Reynoldsburg student team: “I’ve given up trying to explain it to my mom.”

A few weeks ago, we got the chance to speak with a group of students at the Reynoldsburg eSTEM Academy. The high school juniors, Jordan Green, Stephanie Smith and Mekedia Setegne, had just submitted their proposal to a science challenge posed on Innocentive, an online network for “crowdsourcing” solutions to complex problems.

The students were proposing a new method to help measure someone’s age from a sample of DNA. Their teacher, Lori Phillips, suggested the project. They also worked closely with Caitlin Rigsby, a student of Ohio State University studying dentistry.

The three students spoke to us from an office at Reynoldsburg loaned by Principal Scott Bennett.

What does your solution do?

The crowdsourcing project asked for a novel new way to find the age of a person based on a DNA sample. We built on methylation and epigentics in telomeres. We did a lot of research.

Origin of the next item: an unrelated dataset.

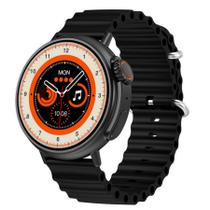 Relógio Inteligente 1.39 polegadas Tela Redonda Bluetooth Chamada Impermeável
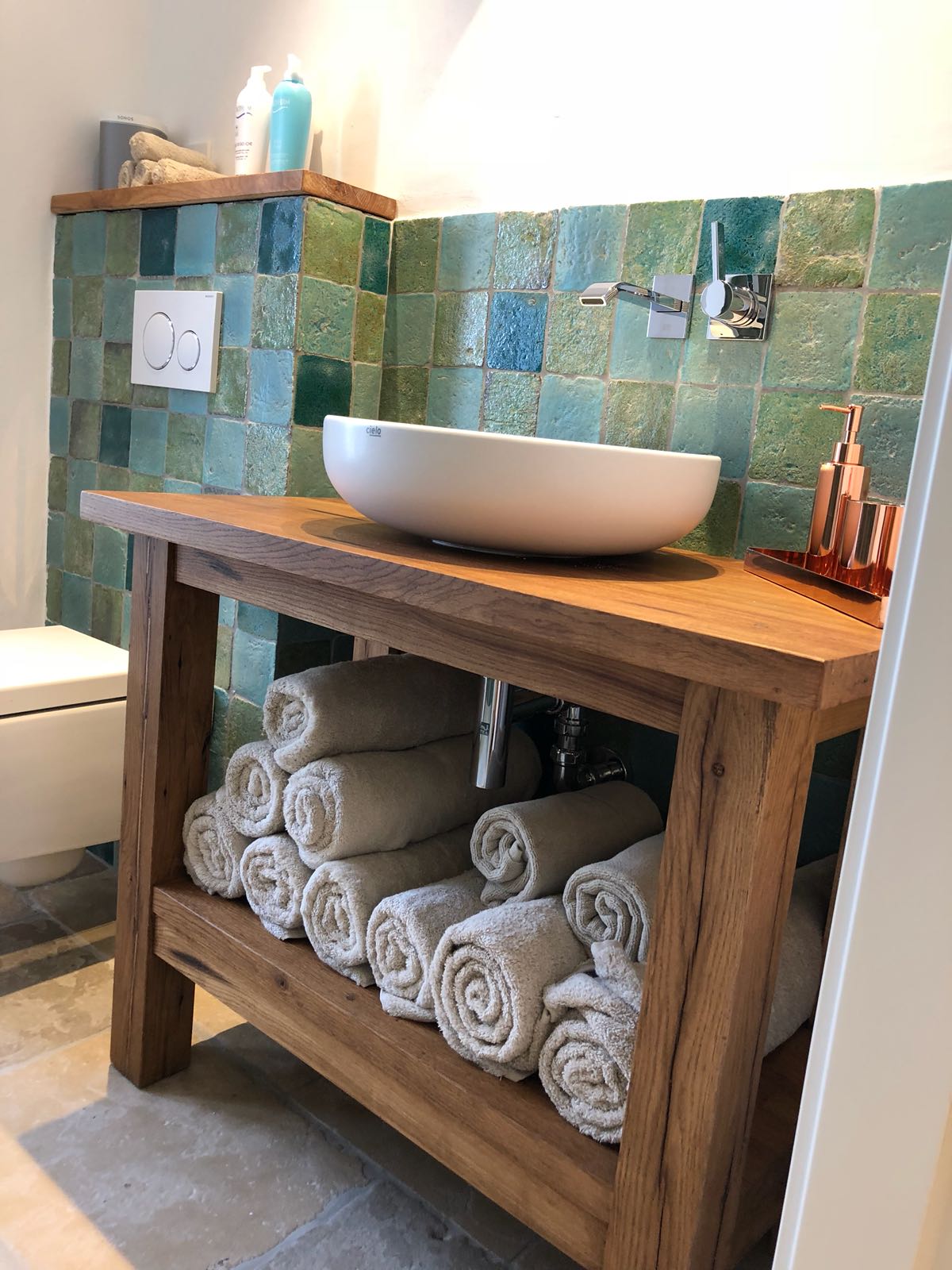 Waschtisch Holz | Waschtisch Massivholz | Holzwerk Hamburg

Stephanie was the one who found the rat study with a constant in telomere shortening. There’s a really direct connection between changes in the mitochrondia and age… The mitochrondria’s really neat because the DNA is still there but it’s not as exposed to things like proteins.

Wow, ok. How do you explain this to your parents?

I’ve given up trying to explain it to my mom.

The reason of the breakage of the telomeres is oxidation. If you look for the presence of negative charged oxygen molecules…the electrons escape…and become particles known as free radicals. The electron’s looking for something to attach to, and it attaches to the DNA.

Telomeres explanation final 2They had found this constant in rats…we were proposing a study be done with humans to find the constant… to easily and more accurately determine a person’s age based on that mitochrondria DNA.

What was one challenging part of developing your solution?

Most definitely finding the rat study. At the beginning we were kind of jumbled. It’s just the rat study that was the final piece.

What did you learn?

I knew that telomeres shorten with age. But I learned about how they age, when they shorten.

I didn’t even know that we couldn’t determine age through DNA. Then there’s that whole concept: “What is aging?” It was weird to think about.  That one electron at a time, we’re dying.

Would you like to work on another project like this?

Absolutely. These guys were a great group. We had a great team. At first, it was overwhelmingly, if these people that have studied for years and years can’t figure it out, how could we? And then when the team started, that went away.

I thought the challenge was interesting too. It was nice having an experience with a real-world problem. To figure out something makes me more confident in myself.

Do you know what you want to do when you’re done with school/college?

Jordan: I don’t know. I love STEM. I love being in a STEM academy. I definitely want to go into science. I’m hoping to…get some scholarships and attend a good science program.

Stephanie: I know I want to go to Ohio State University. I go there next year for college credit. I like the forensics field. Maybe get a forensics degree and then become a prosecutor. If I could be a biology or forensics teacher that’d be even cooler.

Mekedia: I joined eSTEM for the math credits. I’m really focusing on med school. An accelerated program, one I could finish in 6 or 7 years. The brain is so interesting to me. That’s what I’m really interested in.